Rappelons que le principe de l’accessibilité a été instauré par la loi d’orientation de 1975, et approfondi par celle de 1991 visant le handicap physique et les constructions neuves. Pour autant, les opérations réalisées depuis cette date, ne sont pas toutes accessibles. C’est pourquoi, la loi du 11 février 2005 a renforcé ces dispositifs, en imposant une obligation de résultat et une échéance de réalisation. Elle a également pris en compte les besoins de tous les types de handicap. Notre société a pris conscience que l’inaccessibilité de l’environnement est une cause de handicap et un facteur de discrimination pour une large partie de la population. Car, si 10 % de la population est atteint d’un handicap permanent, plus nombreux sont ceux qui se trouvent en situation de handicap temporaire. Sans oublier que 25 % de la population aura plus de 60 ans à l’échéance de 2015 et déjà aujourd’hui, 74 % de cette tranche d’âge a une déficience qui ne cessera de progresser. Désormais, nul n’échappe à ces perspectives, soit directement en raison des accidents de la vie courante, des maladies ou du vieillissement, soit indirectement, par un proche qui connaît ou connaîtra des phénomènes de dépendance, effet de l’allongement de l’espérance de vie. Prenons conscience que le principe de l’accessibilité ne concerne pas uniquement un groupe isolé de la population. C’est la société dans son ensemble qui aspire au confort et à la qualité d’usage dans un objectif de mieux vivre à tous les âges et quelle que soit sa dépendance. Tout bien considéré, c’est du développement durable qu’il s’agit. Il faut donc s’acheminer vers la recherche d’un consensus sur l’accessibilité.

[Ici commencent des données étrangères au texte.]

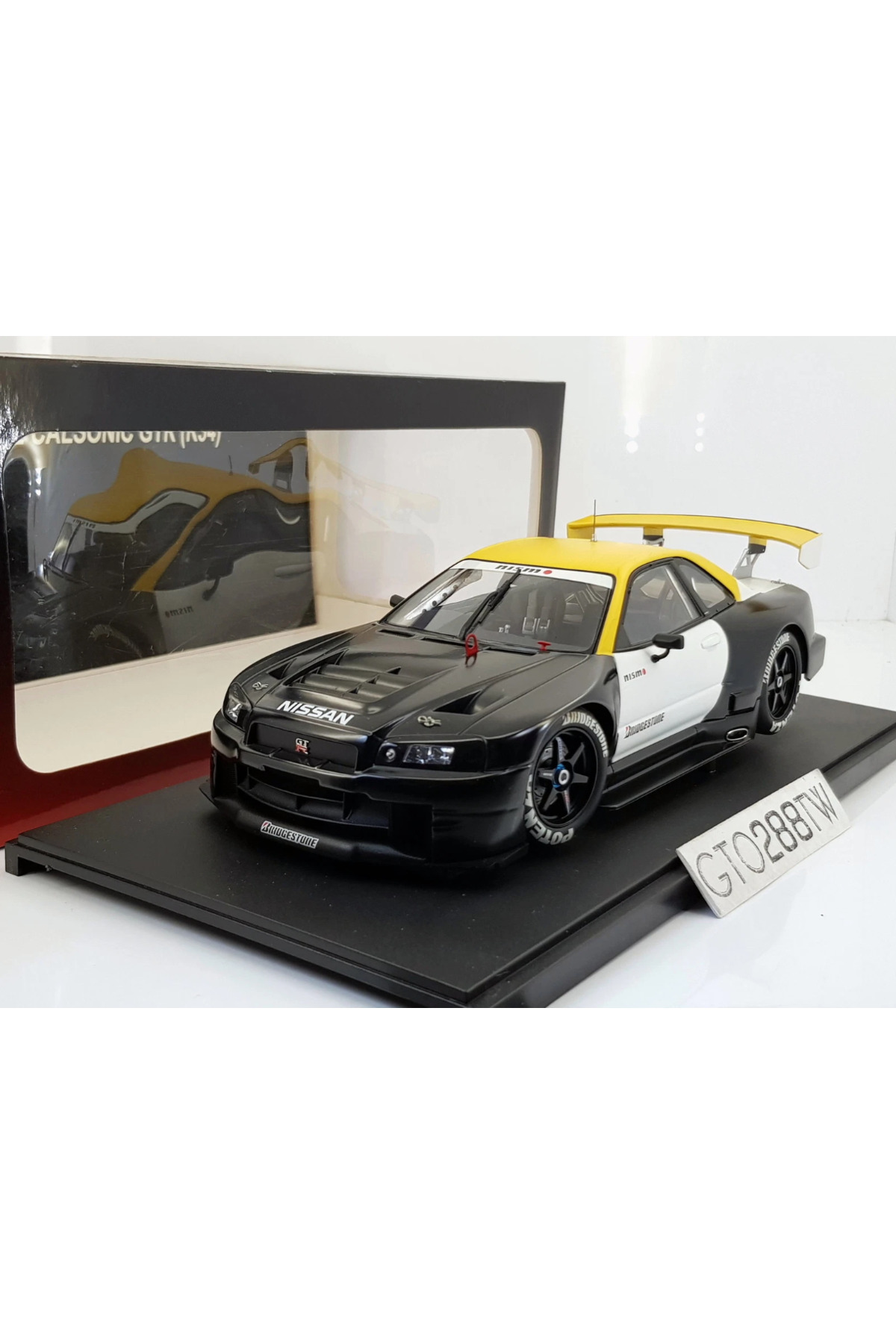 aslanhobi AUTOart 1:18 Nissan Skyline GT-R Nismo(R34) JGTC 2001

Un concept de droit commun

La loi du 11 février 2005 a tenu compte des préoccupations exprimées par les maîtres d’ouvrage et les maîtres d’œuvre en instaurant la possibilité de dérogations, en cas de contraintes liées aux impossibilités techniques, à la préservation du patrimoine architectural et au coût élevé des travaux dans les bâtiments existants. Elle a également entendu les attentes exprimées par les personnes handicapées en rendant obligatoire l’accessibilité immédiate de toute réalisation récente. C’est ainsi que le Conseil d’Etat, par sa décision du 21 juillet 2009, a rappelé qu’aucune dérogation ne peut être accordée aux constructions neuves, considérant que ces dérogations n’avaient jamais été autorisées par la législation. La mise en accessibilité, ainsi rendue obligatoire, s’inscrit dans le sens de l’évolution et du progrès et doit se faire pour répondre aux attentes de tous. Des réponses techniques adaptées à chaque type de handicap existent déjà. Pour rendre un espace accessible au handicap moteur, les panels de réponses ne manquent pas. Pour les personnes déficientes auditives et visuelles, les nouvelles technologies apportent de multiples possibilités. Quant aux personnes handicapées mentales, rien de plus simple et de moins coûteux que de rendre la signalétique compréhensible, car l’accessibilité pour cette catégorie de personne passe avant tout par l’accompagnement humain. Pour mettre fin à ces inquiétudes et ces interrogations qui se multiplient, il convient d’initier une stratégie nationale et de créer un lieu de dialogue où se mettront en synergie les savoirs faire des uns et les bonnes pratiques des autres. L’objectif est de faire du principe de l’accès à tout, pour tous, un concept de droit commun appliqué dans tous les actes du construit.